Moisture and hydration. Leopard geckos evolved in dry country and rarely drink from a standing dish, though you should always provide one. Most of their water comes from prey. Feeders with high moisture content help, and a humid hide supports shedding. Dehydration shows up as stuck sheds, sunken eyes, and constipation, so hydration isn't optional — it's just delivered differently than you'd expect.

Vitamins. Vitamin A supports vision, skin, and immune function; vitamin D3 is the cofactor that lets the body actually use calcium. A gecko kept without UVB especially depends on dietary D3 to absorb calcium at all.
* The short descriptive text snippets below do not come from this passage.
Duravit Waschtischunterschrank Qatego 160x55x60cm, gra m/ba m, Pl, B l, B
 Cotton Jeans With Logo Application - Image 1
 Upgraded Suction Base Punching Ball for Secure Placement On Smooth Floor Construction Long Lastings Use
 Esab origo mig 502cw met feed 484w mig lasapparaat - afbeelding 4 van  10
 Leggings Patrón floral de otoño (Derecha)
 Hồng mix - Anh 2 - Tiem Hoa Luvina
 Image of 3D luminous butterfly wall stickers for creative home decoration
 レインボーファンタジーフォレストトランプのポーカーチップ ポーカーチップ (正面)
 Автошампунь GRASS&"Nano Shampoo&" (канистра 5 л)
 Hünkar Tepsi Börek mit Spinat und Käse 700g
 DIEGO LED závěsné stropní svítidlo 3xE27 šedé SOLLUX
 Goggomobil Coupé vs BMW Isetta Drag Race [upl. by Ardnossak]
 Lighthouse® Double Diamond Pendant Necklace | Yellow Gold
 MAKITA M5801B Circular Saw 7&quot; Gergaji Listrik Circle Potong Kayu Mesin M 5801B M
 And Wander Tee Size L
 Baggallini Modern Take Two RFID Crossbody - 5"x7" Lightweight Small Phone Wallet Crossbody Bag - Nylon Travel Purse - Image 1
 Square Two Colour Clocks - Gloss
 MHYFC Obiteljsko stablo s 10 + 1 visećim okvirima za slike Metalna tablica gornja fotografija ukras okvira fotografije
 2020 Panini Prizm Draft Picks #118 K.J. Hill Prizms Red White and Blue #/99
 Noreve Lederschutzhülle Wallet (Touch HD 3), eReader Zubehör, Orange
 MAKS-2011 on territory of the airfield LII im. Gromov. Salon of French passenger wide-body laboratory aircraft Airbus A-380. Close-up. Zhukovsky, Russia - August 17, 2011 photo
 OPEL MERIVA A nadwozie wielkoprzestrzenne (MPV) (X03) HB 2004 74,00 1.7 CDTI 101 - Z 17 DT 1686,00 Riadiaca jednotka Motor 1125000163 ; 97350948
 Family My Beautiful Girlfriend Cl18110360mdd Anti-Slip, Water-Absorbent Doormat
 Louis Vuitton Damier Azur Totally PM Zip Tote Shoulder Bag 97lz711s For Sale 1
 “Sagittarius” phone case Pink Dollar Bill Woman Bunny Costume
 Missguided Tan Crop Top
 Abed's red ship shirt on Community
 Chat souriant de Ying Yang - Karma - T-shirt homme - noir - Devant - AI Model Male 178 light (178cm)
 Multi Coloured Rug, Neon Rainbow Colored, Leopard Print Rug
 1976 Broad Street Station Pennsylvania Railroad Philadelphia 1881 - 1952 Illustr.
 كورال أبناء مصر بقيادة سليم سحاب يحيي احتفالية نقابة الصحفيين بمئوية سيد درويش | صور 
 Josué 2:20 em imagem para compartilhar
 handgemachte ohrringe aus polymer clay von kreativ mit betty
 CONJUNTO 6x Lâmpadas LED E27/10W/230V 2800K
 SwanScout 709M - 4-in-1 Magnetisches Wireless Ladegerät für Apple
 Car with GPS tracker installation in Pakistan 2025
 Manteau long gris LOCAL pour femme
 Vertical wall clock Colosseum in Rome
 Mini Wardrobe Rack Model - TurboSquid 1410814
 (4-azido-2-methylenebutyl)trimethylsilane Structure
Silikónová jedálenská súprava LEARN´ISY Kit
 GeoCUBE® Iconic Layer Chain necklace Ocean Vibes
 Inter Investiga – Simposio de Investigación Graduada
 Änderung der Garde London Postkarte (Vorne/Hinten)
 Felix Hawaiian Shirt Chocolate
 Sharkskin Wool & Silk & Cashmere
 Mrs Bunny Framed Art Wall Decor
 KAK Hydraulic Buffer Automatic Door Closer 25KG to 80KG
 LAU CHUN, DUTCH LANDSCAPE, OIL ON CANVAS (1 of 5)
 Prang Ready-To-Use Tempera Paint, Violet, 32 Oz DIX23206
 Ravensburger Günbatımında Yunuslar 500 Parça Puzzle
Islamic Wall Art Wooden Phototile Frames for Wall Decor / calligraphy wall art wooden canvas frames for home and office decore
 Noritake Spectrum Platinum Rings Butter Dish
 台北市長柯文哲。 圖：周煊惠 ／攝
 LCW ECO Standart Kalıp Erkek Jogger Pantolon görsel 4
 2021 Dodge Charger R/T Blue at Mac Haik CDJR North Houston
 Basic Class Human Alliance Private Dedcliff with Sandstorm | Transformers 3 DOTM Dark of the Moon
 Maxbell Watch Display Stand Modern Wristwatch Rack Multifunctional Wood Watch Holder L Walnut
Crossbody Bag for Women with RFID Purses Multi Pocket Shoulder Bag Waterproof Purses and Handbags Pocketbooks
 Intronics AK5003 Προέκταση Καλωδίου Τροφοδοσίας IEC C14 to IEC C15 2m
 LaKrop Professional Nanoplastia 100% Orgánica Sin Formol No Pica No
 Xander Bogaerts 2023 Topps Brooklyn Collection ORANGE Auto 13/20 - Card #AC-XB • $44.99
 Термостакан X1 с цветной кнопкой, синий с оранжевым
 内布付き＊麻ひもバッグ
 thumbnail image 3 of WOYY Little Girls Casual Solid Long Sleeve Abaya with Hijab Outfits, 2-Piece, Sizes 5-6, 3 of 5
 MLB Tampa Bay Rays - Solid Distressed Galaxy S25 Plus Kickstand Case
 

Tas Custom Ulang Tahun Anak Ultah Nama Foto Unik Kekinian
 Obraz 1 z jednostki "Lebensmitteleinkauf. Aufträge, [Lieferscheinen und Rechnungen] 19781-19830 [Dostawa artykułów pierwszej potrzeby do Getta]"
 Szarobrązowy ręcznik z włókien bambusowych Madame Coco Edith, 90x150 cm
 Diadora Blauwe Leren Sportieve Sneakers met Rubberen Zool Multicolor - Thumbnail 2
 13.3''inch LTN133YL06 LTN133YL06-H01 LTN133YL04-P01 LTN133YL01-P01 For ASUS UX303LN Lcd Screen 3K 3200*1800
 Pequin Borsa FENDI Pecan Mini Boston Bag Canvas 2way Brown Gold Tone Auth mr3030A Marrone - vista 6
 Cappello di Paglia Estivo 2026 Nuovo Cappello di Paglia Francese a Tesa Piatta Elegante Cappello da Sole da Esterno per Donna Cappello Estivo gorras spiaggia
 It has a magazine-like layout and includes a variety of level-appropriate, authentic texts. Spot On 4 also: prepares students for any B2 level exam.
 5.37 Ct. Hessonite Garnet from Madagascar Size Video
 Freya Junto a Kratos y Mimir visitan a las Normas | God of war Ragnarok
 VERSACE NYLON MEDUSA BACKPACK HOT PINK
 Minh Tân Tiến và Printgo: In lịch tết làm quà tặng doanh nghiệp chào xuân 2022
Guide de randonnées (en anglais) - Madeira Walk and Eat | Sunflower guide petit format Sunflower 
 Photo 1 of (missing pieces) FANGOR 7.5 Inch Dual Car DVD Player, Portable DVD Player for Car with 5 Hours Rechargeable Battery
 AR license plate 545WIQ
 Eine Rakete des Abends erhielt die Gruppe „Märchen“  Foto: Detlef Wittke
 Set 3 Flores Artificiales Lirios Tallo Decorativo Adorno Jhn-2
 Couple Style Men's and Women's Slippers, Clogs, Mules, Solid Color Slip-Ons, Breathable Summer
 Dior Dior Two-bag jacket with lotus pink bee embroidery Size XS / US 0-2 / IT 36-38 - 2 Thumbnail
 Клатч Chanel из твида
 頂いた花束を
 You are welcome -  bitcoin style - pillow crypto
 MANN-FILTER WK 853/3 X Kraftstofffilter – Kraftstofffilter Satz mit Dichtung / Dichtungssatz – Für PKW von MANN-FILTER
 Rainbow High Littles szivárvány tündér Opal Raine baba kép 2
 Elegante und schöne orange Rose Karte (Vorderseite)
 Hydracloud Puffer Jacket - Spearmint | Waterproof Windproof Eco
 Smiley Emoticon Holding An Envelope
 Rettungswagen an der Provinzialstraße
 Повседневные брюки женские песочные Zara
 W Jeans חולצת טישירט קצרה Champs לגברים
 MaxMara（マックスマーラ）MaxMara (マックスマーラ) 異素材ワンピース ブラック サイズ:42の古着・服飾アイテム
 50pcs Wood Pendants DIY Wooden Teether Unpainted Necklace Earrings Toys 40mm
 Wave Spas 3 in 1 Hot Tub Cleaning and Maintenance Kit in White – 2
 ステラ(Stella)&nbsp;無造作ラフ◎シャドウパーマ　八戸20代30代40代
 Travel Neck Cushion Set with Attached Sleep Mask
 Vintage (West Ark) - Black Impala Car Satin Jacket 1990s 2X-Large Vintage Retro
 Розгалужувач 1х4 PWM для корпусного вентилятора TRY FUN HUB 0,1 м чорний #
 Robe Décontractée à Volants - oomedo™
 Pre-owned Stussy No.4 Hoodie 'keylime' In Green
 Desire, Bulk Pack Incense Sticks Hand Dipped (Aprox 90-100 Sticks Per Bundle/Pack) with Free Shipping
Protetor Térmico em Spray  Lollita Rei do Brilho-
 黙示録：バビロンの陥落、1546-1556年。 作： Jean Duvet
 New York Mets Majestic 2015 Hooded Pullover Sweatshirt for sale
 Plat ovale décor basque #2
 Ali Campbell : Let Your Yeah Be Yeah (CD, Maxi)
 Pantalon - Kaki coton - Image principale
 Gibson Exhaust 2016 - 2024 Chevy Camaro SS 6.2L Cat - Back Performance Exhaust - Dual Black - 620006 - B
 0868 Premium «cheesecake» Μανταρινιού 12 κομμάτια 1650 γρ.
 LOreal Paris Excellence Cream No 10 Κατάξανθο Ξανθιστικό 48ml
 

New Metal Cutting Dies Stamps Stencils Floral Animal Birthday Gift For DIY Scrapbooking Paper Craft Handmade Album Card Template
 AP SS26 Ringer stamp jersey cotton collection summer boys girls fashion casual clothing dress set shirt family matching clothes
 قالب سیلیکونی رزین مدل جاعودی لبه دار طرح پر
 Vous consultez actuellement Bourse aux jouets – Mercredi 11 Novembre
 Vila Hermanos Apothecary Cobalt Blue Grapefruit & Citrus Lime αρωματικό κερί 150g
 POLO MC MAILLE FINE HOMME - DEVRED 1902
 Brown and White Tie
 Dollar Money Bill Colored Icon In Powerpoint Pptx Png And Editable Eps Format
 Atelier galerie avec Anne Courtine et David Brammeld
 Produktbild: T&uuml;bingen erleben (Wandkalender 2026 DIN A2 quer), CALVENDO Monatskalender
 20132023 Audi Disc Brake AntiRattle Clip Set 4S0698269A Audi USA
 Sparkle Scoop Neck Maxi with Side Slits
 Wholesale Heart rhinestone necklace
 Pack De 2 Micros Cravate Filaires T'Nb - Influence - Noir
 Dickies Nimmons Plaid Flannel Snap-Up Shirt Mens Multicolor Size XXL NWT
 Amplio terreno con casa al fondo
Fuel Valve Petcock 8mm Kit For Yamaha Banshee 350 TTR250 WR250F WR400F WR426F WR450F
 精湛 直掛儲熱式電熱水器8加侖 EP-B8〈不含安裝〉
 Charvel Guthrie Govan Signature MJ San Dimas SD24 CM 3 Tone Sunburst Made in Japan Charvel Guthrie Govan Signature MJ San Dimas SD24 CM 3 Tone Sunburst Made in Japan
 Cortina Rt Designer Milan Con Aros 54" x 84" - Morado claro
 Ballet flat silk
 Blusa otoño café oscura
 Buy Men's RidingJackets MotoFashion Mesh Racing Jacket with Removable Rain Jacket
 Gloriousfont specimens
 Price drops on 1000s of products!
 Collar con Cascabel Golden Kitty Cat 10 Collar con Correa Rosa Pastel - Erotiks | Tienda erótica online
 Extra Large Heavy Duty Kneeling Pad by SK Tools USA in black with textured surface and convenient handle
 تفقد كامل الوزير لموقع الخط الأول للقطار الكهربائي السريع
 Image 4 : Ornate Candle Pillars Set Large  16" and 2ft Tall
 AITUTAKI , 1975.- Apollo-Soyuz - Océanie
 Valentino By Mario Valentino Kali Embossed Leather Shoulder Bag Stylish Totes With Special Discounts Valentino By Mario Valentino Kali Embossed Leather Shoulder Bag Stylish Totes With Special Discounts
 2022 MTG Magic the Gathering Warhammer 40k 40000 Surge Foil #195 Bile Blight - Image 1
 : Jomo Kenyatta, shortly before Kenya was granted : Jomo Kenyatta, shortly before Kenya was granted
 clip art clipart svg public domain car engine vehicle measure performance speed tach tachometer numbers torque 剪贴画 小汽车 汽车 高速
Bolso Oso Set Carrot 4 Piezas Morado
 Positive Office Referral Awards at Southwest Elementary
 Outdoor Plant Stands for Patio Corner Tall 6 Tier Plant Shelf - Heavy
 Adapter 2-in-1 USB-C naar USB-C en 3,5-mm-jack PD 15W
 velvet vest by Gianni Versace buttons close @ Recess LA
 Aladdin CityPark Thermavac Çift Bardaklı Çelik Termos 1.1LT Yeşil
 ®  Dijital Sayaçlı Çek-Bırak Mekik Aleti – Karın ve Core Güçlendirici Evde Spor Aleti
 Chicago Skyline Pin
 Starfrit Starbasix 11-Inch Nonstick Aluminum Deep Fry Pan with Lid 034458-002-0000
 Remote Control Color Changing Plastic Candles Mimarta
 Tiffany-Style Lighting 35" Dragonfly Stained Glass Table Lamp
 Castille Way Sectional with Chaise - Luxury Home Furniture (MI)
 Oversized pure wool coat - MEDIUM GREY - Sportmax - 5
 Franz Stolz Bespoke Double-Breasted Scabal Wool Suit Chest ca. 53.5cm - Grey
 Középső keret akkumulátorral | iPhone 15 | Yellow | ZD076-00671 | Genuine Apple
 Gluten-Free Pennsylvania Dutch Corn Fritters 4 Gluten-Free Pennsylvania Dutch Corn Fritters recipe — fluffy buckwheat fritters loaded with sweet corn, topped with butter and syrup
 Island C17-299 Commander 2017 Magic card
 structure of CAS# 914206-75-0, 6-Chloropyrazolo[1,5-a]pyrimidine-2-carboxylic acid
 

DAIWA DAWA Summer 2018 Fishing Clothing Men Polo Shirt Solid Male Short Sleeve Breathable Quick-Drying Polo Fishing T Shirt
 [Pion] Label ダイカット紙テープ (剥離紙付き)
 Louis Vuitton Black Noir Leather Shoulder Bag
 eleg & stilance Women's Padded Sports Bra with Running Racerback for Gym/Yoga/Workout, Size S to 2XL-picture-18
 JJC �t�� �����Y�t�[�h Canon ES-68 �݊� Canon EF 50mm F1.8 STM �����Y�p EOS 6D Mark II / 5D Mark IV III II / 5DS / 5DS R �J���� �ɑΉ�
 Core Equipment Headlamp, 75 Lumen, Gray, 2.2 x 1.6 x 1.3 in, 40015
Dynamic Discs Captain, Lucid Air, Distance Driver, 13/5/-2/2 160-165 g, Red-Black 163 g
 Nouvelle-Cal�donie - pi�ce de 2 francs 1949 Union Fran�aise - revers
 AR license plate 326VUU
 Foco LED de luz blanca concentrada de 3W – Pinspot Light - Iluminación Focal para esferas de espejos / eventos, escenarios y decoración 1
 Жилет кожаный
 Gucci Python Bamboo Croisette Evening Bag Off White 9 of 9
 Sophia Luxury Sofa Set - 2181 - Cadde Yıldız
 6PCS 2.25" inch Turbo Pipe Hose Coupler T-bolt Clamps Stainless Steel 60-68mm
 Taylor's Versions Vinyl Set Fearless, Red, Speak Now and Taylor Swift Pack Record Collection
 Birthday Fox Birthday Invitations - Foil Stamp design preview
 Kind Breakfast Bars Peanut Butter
Trace vitamins are easy to supply through gut-loading and a periodic multivitamin dust, and easy to neglect into a deficiency.

Hold those five buckets in mind, because the entire red-wiggler-versus-discoid question is really just: which feeder fills these buckets better, and which causes fewer problems?

Red wigglers (Eisenia fetida): what they are and where they fit

Red wigglers are composting worms — the small, reddish-brown earthworms that power vermiculture bins and break down kitchen scraps. They're cheap, they breed like crazy in a damp bin of bedding and food waste, and they're sold everywhere bait is sold. All of that makes them tempting as a feeder: sustainable, renewable, basically free if you already compost. The sustainability story is genuinely true, and it's the strongest thing red wigglers have going for them.

Nutritionally and behaviorally, though, they come with real baggage that the eco-friendly framing tends to skip.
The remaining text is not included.